Cardiology and Angiology: An International Journal

Introduction: Sarcomeric hypertrophic cardiomyopathy (HCM) is the most common inherited heart disease. Its prognosis is primarily determined by the risk of ventricular arrhythmias and sudden cardiac death (SCD). This study aimed to describe the rhythm profile of patients with sarcomeric HCM, to identify clinical and paraclinical predictors of arrhythmias, and to assess the risk of SCD using the European Society of Cardiology (ESC) risk stratification score.

Materials and Methods: This retrospective descriptive study included 30 patients with sarcomeric HCM followed in an electrophysiology department between July 2021 and December 2025. All included patients underwent a complete clinical examination, a surface electrocardiogram (ECG), a 24- to 48-hour Holter ECG recording, a transthoracic echocardiogram, and, for 20 of them, cardiac magnetic resonance (CMR) imaging. The 5-year risk of SCD was calculated using the ESC online risk score.

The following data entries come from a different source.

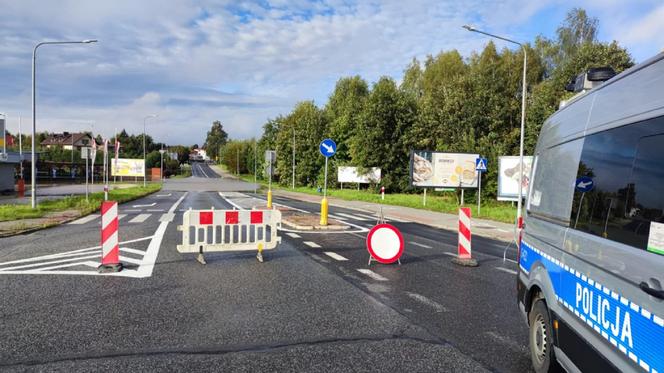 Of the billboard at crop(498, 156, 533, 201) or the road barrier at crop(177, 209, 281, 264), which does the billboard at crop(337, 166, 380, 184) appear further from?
the road barrier at crop(177, 209, 281, 264)

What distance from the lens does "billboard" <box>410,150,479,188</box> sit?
30328 millimetres

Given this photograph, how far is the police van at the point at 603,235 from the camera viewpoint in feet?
8.30

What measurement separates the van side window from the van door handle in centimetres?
21

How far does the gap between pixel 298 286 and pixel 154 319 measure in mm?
2347

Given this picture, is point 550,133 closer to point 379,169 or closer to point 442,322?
point 442,322

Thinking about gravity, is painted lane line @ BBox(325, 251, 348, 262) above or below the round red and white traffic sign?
below

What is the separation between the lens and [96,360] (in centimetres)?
437

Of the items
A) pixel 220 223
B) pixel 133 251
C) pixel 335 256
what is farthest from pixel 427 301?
pixel 133 251

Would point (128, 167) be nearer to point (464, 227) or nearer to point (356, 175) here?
point (356, 175)

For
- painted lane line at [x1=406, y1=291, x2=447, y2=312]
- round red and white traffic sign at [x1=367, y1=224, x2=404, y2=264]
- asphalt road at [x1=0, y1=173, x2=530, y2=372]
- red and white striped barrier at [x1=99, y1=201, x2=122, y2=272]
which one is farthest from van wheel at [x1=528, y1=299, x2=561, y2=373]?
red and white striped barrier at [x1=99, y1=201, x2=122, y2=272]

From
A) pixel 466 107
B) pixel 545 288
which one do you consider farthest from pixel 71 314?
pixel 466 107

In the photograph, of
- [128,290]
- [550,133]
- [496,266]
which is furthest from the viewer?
[496,266]

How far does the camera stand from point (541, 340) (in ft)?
13.6

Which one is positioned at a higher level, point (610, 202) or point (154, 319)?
point (610, 202) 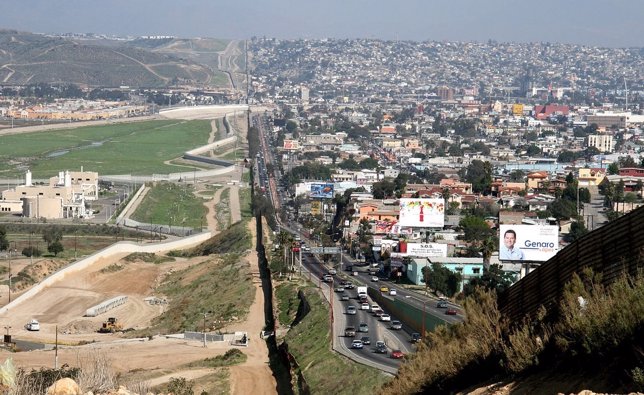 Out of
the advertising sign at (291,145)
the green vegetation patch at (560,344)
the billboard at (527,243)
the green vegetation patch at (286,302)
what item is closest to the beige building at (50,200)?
the green vegetation patch at (286,302)

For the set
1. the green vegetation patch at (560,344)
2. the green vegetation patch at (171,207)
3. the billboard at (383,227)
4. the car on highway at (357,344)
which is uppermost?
the green vegetation patch at (560,344)

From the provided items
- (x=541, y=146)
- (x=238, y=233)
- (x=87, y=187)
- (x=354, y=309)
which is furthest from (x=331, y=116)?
(x=354, y=309)

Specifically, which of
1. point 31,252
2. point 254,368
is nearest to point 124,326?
point 254,368

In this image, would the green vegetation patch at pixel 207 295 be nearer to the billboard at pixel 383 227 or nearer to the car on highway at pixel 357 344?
the car on highway at pixel 357 344

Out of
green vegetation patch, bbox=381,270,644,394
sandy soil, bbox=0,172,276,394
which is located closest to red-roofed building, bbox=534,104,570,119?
sandy soil, bbox=0,172,276,394

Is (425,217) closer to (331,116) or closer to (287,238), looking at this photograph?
(287,238)

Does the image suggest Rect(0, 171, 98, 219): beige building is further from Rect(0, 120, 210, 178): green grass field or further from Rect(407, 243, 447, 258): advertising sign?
Rect(407, 243, 447, 258): advertising sign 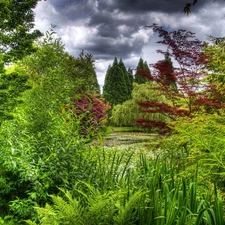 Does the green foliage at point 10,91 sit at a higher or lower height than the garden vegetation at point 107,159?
higher

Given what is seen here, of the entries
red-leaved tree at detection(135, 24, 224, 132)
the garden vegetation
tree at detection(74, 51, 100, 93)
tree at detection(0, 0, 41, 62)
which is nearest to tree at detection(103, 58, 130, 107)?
tree at detection(74, 51, 100, 93)

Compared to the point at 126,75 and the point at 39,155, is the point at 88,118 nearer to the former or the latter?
the point at 39,155

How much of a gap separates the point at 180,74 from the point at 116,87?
23.5m

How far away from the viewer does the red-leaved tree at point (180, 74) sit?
6.04 metres

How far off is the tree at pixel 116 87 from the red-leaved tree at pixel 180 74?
2192 cm

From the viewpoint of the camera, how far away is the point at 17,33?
842cm

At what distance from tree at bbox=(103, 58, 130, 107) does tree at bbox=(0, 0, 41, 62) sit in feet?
65.3

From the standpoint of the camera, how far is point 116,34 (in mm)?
8625

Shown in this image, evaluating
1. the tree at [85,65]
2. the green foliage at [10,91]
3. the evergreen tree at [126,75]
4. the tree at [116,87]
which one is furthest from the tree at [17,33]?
the evergreen tree at [126,75]

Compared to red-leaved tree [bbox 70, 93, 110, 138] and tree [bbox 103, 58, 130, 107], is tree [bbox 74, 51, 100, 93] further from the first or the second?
tree [bbox 103, 58, 130, 107]

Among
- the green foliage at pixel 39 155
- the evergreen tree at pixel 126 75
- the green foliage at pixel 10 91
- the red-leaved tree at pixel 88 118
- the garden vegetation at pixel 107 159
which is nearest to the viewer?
the garden vegetation at pixel 107 159

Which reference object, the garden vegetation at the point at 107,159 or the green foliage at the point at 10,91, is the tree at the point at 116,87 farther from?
the garden vegetation at the point at 107,159

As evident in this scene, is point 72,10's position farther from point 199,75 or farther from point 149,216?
point 149,216

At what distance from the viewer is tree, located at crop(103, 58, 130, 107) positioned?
2909 centimetres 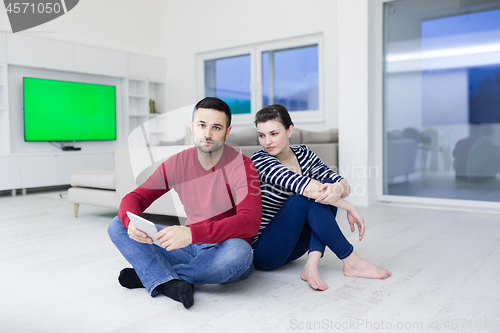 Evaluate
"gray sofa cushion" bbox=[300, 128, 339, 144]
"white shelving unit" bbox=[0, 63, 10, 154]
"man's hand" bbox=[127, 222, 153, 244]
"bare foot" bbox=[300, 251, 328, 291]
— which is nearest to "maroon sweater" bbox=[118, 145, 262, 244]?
"man's hand" bbox=[127, 222, 153, 244]

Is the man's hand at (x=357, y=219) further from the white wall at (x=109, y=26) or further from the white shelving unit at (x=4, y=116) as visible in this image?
the white wall at (x=109, y=26)

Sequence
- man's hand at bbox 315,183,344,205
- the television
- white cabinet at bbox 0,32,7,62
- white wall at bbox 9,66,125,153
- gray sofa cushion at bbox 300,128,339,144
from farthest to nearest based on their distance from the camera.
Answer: the television, white wall at bbox 9,66,125,153, white cabinet at bbox 0,32,7,62, gray sofa cushion at bbox 300,128,339,144, man's hand at bbox 315,183,344,205

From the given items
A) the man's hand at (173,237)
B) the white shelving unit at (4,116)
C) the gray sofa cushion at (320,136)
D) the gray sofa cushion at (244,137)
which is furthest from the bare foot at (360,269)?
the white shelving unit at (4,116)

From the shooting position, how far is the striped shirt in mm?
1633

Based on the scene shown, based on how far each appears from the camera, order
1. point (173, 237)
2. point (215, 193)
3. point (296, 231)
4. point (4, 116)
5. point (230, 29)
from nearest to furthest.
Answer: point (173, 237), point (215, 193), point (296, 231), point (4, 116), point (230, 29)

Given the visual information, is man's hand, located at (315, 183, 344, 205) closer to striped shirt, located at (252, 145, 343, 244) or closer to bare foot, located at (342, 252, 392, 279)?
striped shirt, located at (252, 145, 343, 244)

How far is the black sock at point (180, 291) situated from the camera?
143cm

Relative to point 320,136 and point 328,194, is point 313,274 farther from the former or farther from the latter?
point 320,136

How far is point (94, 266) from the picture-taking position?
1998 mm

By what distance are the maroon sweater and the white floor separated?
0.28 meters

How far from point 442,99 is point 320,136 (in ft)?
3.57

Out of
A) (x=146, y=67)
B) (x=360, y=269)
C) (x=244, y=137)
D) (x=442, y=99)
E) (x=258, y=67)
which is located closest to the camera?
(x=360, y=269)

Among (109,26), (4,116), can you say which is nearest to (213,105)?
(4,116)

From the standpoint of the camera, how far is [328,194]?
5.16 ft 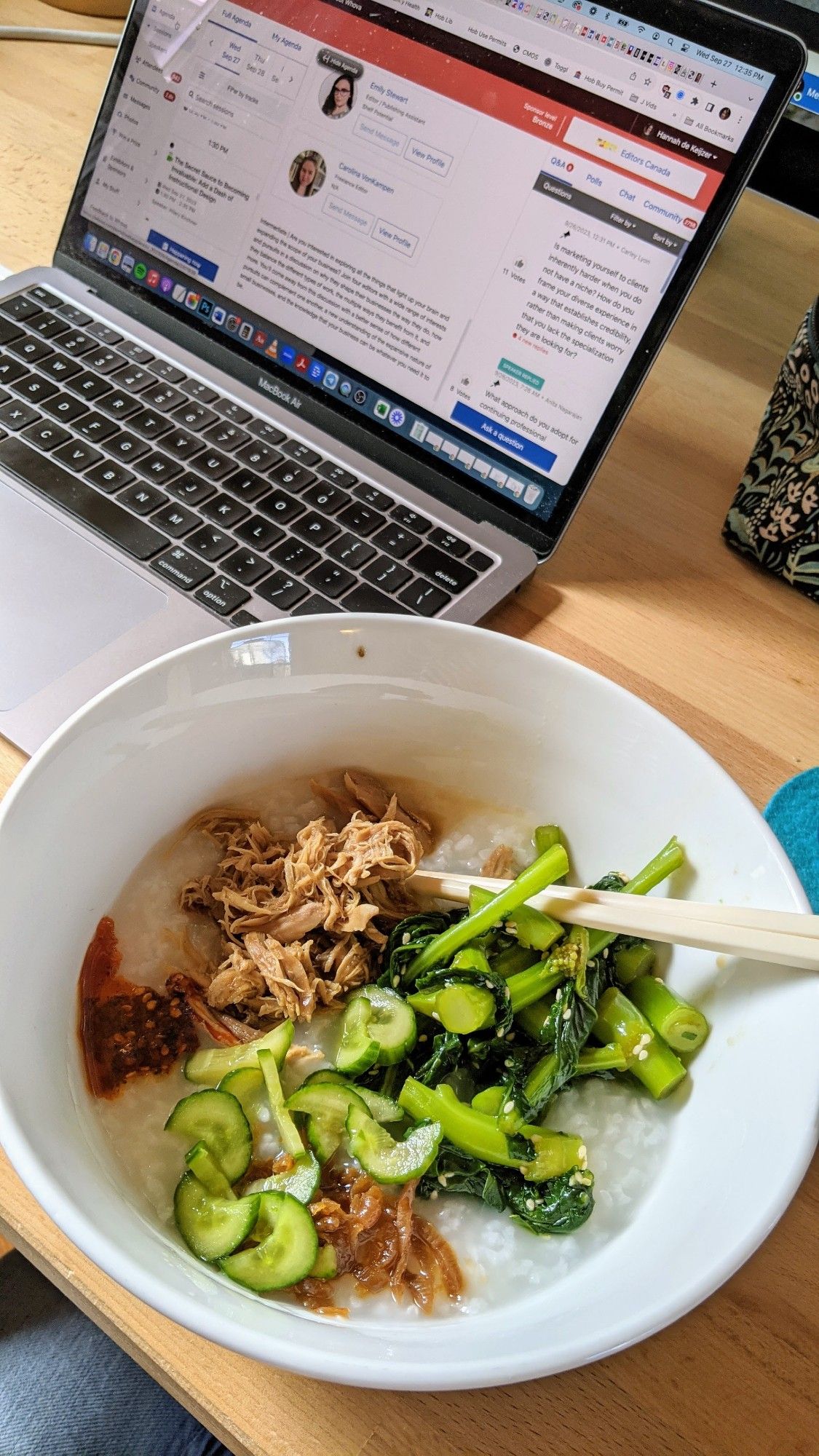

Results: The mean age of the patients was 46 ± 29 years, with a male-to-female ratio of 2.7. Atrial fibrillation (AF) was the most frequent arrhythmia, affecting 20% of patients (16% of whom presented with a paroxysmal form). Premature ventricular contractions (PVCs) were observed in 90% of patients on Holter monitoring, while only one patient (3.3%) presented with non-sustained ventricular tachycardia (NSVT). Regarding the SCD risk score, 73% of patients were classified as low risk (<4%), 10% as intermediate risk (4–6%), and 17% as high risk (≥6%). Five patients underwent implantable cardioverter-defibrillator (ICD) implantation for primary prevention. Notably, no thromboembolic complications or deaths were recorded during the 4-year follow-up period.

Conclusion: In our series, atrial fibrillation was the most frequent arrhythmia in patients with sarcomeric HCM. The ESC 2014 score proved to be an effective tool for stratifying the risk of SCD. ICD implantation in high-risk patients was well tolerated and may improve prognosis.